For one of the poorest countries in the world, with GDP-per-capita of US$532 as of 2011, according to the World Bank, that’s a considerable amount of money to be giving to investors. And the pain could get even worse.
“I still see a lot of upside,” said one investor, who reckoned the notes could quickly rally to a cash price of 107.
The deal, which was led by Standard Bank, perplexed the financial community from the moment news emerged about it nearly two weeks ago, especially as Tanzania has an unofficial mandate with Citigroup for a public Eurobond.
Although that deal remains a long way off as Tanzania does not have a credit rating, market participants were surprised the country was going ahead with a private placement as its debut international bond.

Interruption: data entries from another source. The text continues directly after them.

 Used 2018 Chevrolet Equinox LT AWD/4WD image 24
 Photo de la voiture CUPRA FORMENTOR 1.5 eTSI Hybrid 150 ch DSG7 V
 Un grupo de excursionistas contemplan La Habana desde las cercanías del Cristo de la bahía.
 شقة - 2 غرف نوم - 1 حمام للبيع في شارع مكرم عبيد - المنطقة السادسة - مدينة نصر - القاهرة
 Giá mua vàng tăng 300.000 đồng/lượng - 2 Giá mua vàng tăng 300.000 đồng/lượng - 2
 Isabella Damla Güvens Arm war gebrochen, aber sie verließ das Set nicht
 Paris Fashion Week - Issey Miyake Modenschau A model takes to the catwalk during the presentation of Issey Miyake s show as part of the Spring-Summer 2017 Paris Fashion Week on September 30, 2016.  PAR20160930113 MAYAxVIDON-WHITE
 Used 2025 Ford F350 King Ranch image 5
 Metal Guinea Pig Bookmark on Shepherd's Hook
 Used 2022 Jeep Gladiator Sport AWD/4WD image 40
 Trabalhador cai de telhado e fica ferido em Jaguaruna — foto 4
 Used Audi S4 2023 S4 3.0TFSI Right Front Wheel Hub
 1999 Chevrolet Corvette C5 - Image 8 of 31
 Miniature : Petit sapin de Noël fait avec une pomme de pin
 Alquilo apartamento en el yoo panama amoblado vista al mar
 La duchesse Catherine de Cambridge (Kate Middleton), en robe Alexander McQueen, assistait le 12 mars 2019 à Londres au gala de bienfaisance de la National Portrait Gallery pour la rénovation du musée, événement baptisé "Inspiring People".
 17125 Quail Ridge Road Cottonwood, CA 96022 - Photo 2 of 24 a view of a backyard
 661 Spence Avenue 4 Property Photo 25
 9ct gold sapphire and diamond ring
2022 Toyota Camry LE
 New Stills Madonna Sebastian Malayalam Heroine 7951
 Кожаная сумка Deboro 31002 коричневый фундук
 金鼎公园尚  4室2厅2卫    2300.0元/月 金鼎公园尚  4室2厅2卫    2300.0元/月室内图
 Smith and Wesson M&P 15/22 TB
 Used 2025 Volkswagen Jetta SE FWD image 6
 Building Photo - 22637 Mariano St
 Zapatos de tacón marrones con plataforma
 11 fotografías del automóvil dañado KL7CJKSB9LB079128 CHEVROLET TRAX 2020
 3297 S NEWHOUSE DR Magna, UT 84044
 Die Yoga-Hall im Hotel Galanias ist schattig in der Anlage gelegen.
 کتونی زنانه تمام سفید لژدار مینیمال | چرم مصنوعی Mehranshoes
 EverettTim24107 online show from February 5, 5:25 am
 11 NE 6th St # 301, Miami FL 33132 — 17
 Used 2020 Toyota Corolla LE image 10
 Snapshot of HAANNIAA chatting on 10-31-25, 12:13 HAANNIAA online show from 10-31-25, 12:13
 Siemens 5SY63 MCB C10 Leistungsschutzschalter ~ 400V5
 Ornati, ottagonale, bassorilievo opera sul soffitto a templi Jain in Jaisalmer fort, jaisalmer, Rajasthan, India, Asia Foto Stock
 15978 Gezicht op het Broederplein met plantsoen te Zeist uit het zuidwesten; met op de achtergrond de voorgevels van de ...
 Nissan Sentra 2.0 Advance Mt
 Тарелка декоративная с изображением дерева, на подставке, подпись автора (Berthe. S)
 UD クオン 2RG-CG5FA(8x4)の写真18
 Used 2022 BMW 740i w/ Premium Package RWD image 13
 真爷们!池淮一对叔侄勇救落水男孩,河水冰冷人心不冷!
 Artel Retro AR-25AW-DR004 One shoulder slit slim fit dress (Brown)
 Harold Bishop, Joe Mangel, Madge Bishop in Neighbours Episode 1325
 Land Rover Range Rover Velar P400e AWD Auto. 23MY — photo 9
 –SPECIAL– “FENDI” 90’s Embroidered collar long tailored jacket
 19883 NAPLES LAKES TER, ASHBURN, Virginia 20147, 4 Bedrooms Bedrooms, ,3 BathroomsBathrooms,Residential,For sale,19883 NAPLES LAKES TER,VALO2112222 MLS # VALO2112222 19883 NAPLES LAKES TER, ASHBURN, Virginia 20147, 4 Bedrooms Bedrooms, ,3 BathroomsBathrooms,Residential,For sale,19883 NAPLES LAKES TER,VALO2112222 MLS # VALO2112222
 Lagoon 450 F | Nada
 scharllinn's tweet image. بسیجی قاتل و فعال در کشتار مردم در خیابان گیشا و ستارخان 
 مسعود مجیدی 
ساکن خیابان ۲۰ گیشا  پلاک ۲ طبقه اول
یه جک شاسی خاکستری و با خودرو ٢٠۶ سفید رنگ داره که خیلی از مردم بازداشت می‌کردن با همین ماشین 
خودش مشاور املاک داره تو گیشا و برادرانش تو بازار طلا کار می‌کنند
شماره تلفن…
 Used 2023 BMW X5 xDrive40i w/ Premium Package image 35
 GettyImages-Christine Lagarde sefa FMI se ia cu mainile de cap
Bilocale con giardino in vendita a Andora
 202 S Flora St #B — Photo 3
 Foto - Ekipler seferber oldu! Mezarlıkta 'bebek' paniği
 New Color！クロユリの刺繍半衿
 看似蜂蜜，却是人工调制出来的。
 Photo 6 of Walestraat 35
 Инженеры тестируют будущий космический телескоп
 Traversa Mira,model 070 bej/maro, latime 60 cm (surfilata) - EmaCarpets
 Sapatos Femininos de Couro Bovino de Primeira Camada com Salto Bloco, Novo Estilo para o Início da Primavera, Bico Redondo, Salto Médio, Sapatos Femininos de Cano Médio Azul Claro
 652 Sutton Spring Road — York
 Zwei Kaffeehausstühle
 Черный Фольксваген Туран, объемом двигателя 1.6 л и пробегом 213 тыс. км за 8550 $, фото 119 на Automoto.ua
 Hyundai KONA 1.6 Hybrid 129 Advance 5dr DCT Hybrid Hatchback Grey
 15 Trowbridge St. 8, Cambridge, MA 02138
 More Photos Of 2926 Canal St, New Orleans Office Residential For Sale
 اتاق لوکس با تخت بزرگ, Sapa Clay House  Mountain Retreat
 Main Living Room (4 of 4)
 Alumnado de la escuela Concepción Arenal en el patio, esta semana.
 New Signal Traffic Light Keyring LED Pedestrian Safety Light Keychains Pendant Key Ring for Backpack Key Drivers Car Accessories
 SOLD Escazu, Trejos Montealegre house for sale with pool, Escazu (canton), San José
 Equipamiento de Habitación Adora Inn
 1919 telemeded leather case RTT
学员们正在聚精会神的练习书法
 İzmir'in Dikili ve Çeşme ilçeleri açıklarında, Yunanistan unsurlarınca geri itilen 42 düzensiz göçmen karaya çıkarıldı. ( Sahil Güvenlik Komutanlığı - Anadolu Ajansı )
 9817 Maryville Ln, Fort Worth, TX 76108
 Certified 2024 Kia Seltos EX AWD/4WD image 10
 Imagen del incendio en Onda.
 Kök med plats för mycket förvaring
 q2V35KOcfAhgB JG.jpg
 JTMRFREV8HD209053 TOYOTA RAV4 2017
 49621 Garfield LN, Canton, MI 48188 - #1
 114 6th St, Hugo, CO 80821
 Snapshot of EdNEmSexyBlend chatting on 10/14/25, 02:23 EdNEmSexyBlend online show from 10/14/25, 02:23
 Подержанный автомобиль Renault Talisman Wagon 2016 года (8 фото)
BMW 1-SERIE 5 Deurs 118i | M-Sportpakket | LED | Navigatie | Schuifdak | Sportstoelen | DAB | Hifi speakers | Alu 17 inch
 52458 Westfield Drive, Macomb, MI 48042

“To consider a private placement when they were talking about a Eurobond is not great investor relations,” said an analyst who covers the region.
A syndicate official at Standard who worked on the trade said, however, that the private placement was a sensible alternative to a fully fledged Eurobond - given the absence of a rating.
“They wanted the financing now for use in infrastructure projects. In order to achieve their aim of raising a large sum with intermediate tenor, this was the most effective and cost-efficient method,” he said.
Perhaps. But critics also rounded on the deal’s structure, which reduced its appeal to many investors - and put pricing power in the hands of the few buyers willing (or able) to take part.
Not only was it structured as a floating-rate amortising note (of interest to a small sub-set of investors), it came in Reg S-only format (thus disqualifying the key onshore US investor base that typically underpins such trades) and was both unrated and unlisted.
Remaining investors exacted a hefty compensation for the bonds’ structural peculiarities and the likely lack of liquidity. “Investors had all the leverage in the world,” said a rival origination official. “They have paid 200bp more than they would have with a Eurobond.”
Again, though, the Standard syndicate official insisted that the structure was a response to what the client wanted. “The amortisation structure is part of a prudent management of the repayment schedule and is something developing countries often prefer to have in place,” he said.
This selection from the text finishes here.